Une revue de la qualité des actifs. Sous l’impulsion du FMI, une revue de la qualité des actifs (AQR en anglais) sera lancée en décembre 2024 afin de clarifier les actions futures de la BB pour consolider le secteur. Une première série de 12 banques, identifiées comme faibles par la Banque centrale, seront d’abord analysées (4-6 mois). En parallèle, le FMI accompagne la BB pour l’écriture d’un Bank Resolution Act, qui devra donner à la Banque centrale les moyens de mettre en œuvre les résultats de l’AQR.

Un soutien attendu des bailleurs.
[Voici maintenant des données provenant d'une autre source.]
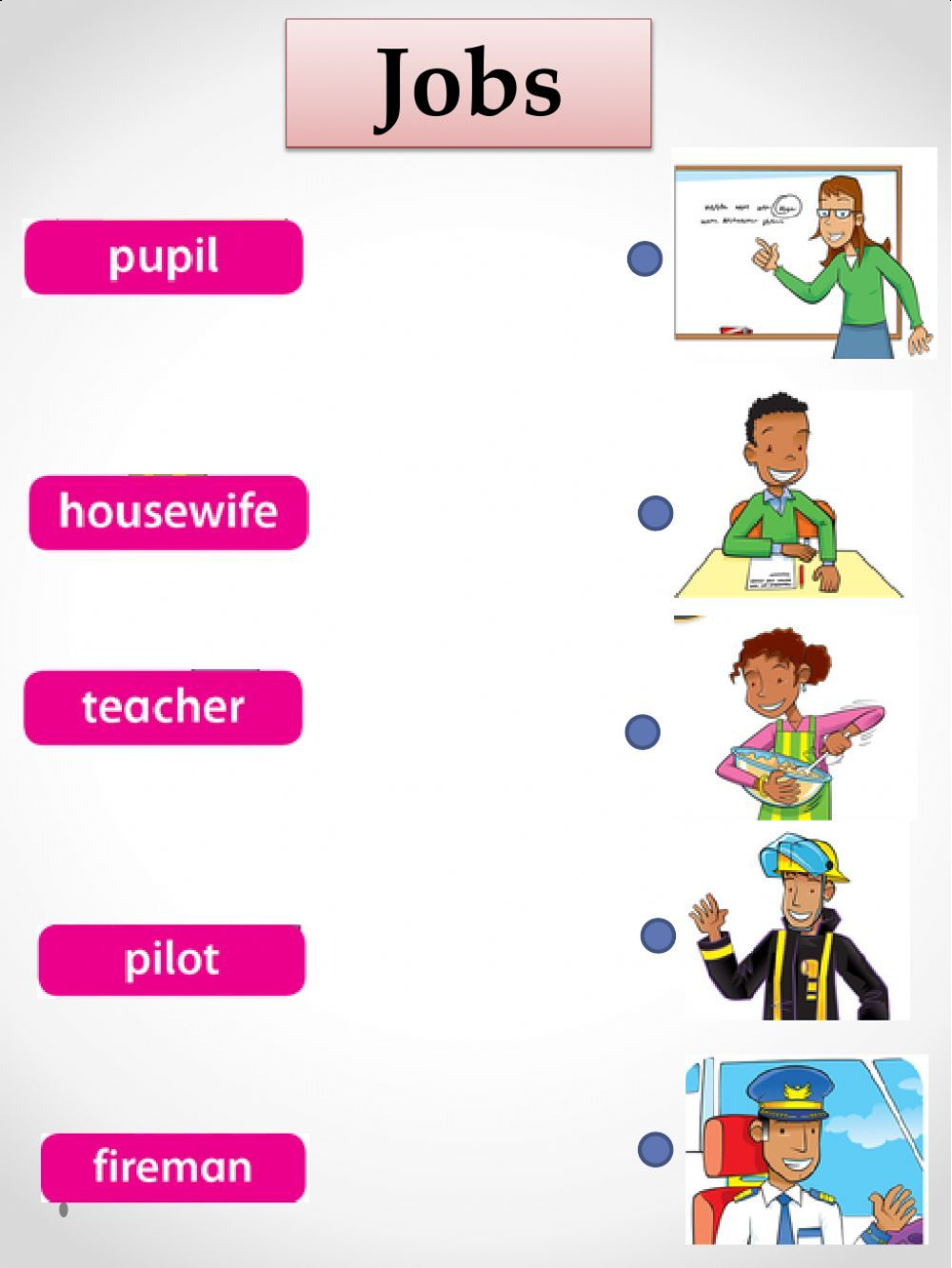 30 English Worksheets For Grade 1 Vocab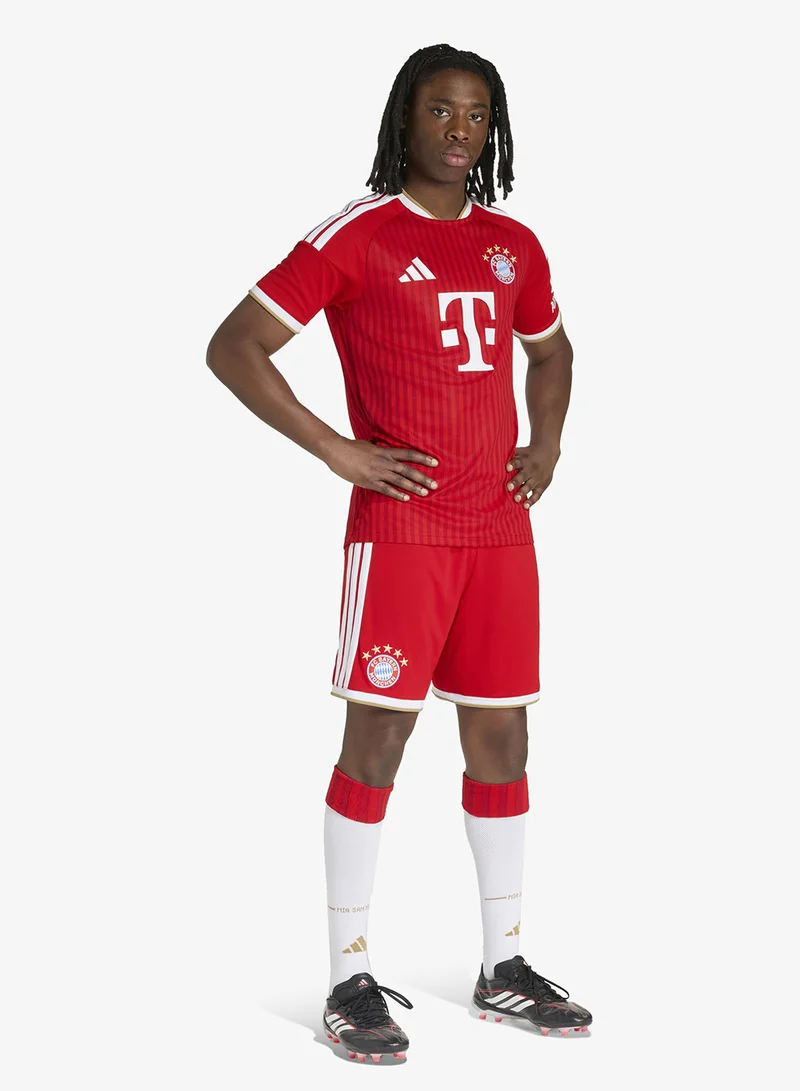 Adidas SHORTS FC Bayern Home Shorts for Men | Best Price UAE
Le nouveau gouvernement intérimaire a engagé des négociations avec le FMI pour obtenir un prêt supplémentaire de 3 Mds USD. Dans ce cadre, il est attendu un renforcement des attentes de réformes notamment bancaires par le FMI. De son côté, la Banque Mondiale a annoncé un soutien à l’Anti-Corruption Commission (ACC) au travers de l’initiative Stolen Asset Recovery (StAR) qui pourrait permettre d’accroître l’effort pour recouvrer certaines créances douteuses siphonnées à l’étranger, même si les montants récupérables sont probablement minimes.

 

Ce qu’il faut retenir !

Trois idées

  1. Le secteur bancaire a souffert depuis de nombreuses années de problèmes de gouvernance exploités par l’élite politique et économique pour s’enrichir ;
  2. L’état réel du secteur reste mal connu du fait de la faible transparence, et la publication d’un état des lieux honnête pourrait créer un choc de méfiance vis-à-vis d’une dizaine de banques faibles – à cet égard une revue de la qualité des actifs de chaque banque débutera en décembre avec l’appui du FMI;
  3. La Banque centrale a mis sur pied une task force en charge de faire des recommandations d’ici quelques mois.

Trois chiffres

  1. La part des créances douteuses, incluant les prêts restructurés, a atteint 32% des encours en 2023
  2. La Banque centrale estime qu’environ 17 Mds USD ont été transférés hors du Bangladesh après des acquisitions bancaires frauduleuses, principalement par le biais de prêts.
  3. Un taux de prêts non performants très inégal entre banques, qui atteint plus de 40% pour les banques publiques.